Ralph Edwards - Fri, 19 Aug 94
This tale has an atmosphere of old age, retirement, sadness and decay;
it also has one of the best shocking lines in all the Holmes tales, and
a thoroughly appropriate final sentence. Nevertheless, is it a strong enough
story to occupy the crucial last place in the Canon?
There's a house with an overgrown garden.......and a mighty unusual variety of roses! Our new story, of course, is The Adventure of the Retired Colourman. My questions and comments for this sinister tale:
Josiah Amberley cut a pathetic figure. He had worked hard all his
life, saved enough to allow him to retire with a comfortable income, bought
a house, and taken a pretty younger wife to share his retirement years.
Yet in one stroke of misfortune he lost all this; his wife had run off
with a young doctor, taking his hard-earned savings with her. The police
were unable to locate the wife and her lover, so Amberley turned to Sherlock
Holmes for help. Little did he know what form that "help" would take.
In a few minutes the Mâitre de Chasse will launch a hunt, not for the missing persons, but for their killer. The chase winds through Lewisham and extends to Little Purlington and ultimately leads to the bottom of a disused well. The Mâitre hopes that the Hounds enjoy their outing and wishes them bon chasse et bon chance.
This case is one of at least three that involves death by suffocation:
MUSG and GREE are two others.
(There is a possibility that the deadly fumes of radix pedis diaboli
in DEVI would cause that case to fall into this category
as well.) In any event, I was struck by the invocation of "the old Italian
spirit" as exemplary of the mindset of Josiah Amberley. I recall that Isadora
Klein referred to the writings of the hapless Douglas Maberley in those
terms as well. Could this be a reference to cruel machinations of the sort
practiced by Niccolo Machiavelli and Cesare Borgia?
Brad Keefauver - Thu, 25 Oct 2001
Josiah Amberley is one of the five one-legged men to appear (there are six mentioned, but only five appear) in the Canon. One wonders why Doyle chose to make him an amputee; perhaps it was an effort to make him appear even more pathetic than Watson perceived him to be upon their first encounter. Evidently the leg was inflexible ("Left shoe wrinkled, right one smooth") and little better than the "timber-toe" worn by Jonathan Small in SIGN. Amberley must have experienced considerable difficulty in negotiating the 17 steps at 221 Baker Street, and the journey to Mossmoor ("Moosmoor" in Doubleday) cum Little Purlington must have been a peculiarly trying exercise for him. It is odd that his intact leg was "spindly" since, as Holmes remarked in TWIS, "weakness in one limb is often compensated by exceptional strength in another". In any case, his prosthesis must have given him an awkward gait which somehow went unnoticed by Watson's medical eye. And, considering his handicap, how was he able to "spring to his feet" when confronted by Holmes and Barker?
Did the gas laid in for illumination at the time of this story have a distinctive odour? If it had, would it not have dissipated in a short time had the doors and windows been opened?
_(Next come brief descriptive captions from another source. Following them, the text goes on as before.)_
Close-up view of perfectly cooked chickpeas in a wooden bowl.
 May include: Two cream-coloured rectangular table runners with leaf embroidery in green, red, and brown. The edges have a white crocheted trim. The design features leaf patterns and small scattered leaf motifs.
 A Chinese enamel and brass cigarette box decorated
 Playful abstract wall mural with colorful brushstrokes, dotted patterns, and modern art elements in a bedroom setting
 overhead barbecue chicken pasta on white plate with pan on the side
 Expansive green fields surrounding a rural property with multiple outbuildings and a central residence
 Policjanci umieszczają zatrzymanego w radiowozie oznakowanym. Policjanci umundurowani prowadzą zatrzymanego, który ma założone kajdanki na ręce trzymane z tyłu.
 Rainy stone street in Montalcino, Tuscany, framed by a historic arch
But there are other questions: How did Amberley rid the sealed "strong-room" of the fumes before entering to dispose of the bodies of his victims? Wasn't there a chance that his nosey neighbours would notice the smell of gas when the room was ventilated? And was there not a considerable risk of explosion in using this highly combustible gas?
How did the management of the Haymarket Theatre know that neither seat B-thirty nor thirty-two of the upper circle had been occupied on the night in question? Was it customary for theatres to perform such a census, and if so, for what purpose? Of course, the theatre operators may well have saved the ticket stubs to verify them against the "gate" for that evening, but once that was done, would they not have discarded the stubs? Would they have been able to tell a week later whether or not a certain seat had been occupied?